The 79-year-old Vermont senator’s scene-stealing inauguration look sparked a huge demand for his comfy-looking mittens — but they are “one-of-a-kind” and not for sale.
The multicolored hand-knit mittens — which Sanders paired with a muted Burton parka — made Sanders the toast of social media Wednesday, with a flood of memes and his mittens even getting their own Twitter account.
It also sparked a frenzied hunt for an identical pair — with the Vermont teacher who made them telling the Jewish Insider that she was overwhelmed with more than 6,000 requests on Tuesday, with more coming by the hour.
But as teacher Jen Ellis, 42, said she was “flattered that Bernie wore them to the inauguration,” she also delivered crushing news to fashion fans.
“Sadly, I have no more mittens for sale,” she wrote.
“I hate to disappoint people, but the mittens, they’re one-of-a-kind and they’re unique,” Ellis told the Jewish Insider of the “swittens,” so called because they are mittens made out of recycled sweaters.
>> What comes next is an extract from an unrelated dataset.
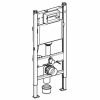 DUOFIX BASIC SET DELTA 01 SJAJ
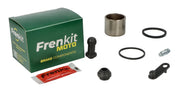 Frenkit S.l. Brake Caliper Repair Kit with Piston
“And sometimes in this world, you just can’t get everything you want.”
Ellis said she made the now-famous “swittens” for Sanders five years ago, but never got to meet him.
“He must really like them if he chose to wear them,” said the second-grade teacher in Essex Junction, just outside of Burlington where Sanders was mayor in the 1980s.
She said the flood of interest has “been unexpected” — but was not enough to make her “quit my day job.”
“I am a second grade teacher, and I’m a mom, and all that keeps me really busy,” she told the paper.
“There’s no possible way I could make 6,000 pairs of mittens, and every time I go into my email, another several hundred people have emailed me,” she said.
Ellis still wears her own pair while teaching virtual classes, saying, “I love them.”
“I think it’s a really cool project because it takes a garment, a sweater, that otherwise would have been thrown away. I use sweaters that have moth holes or have ripped or they’ve been sent through the wash and turned into cardboard,” she said.
“I often give them as wedding gifts … It’s very Vermonty,” she said.
She marveled on Twitter at how her “simple act of kindness” had “grown into something beyond my imagination!”
“Thanks everyone! The world is a beautiful place,” she wrote.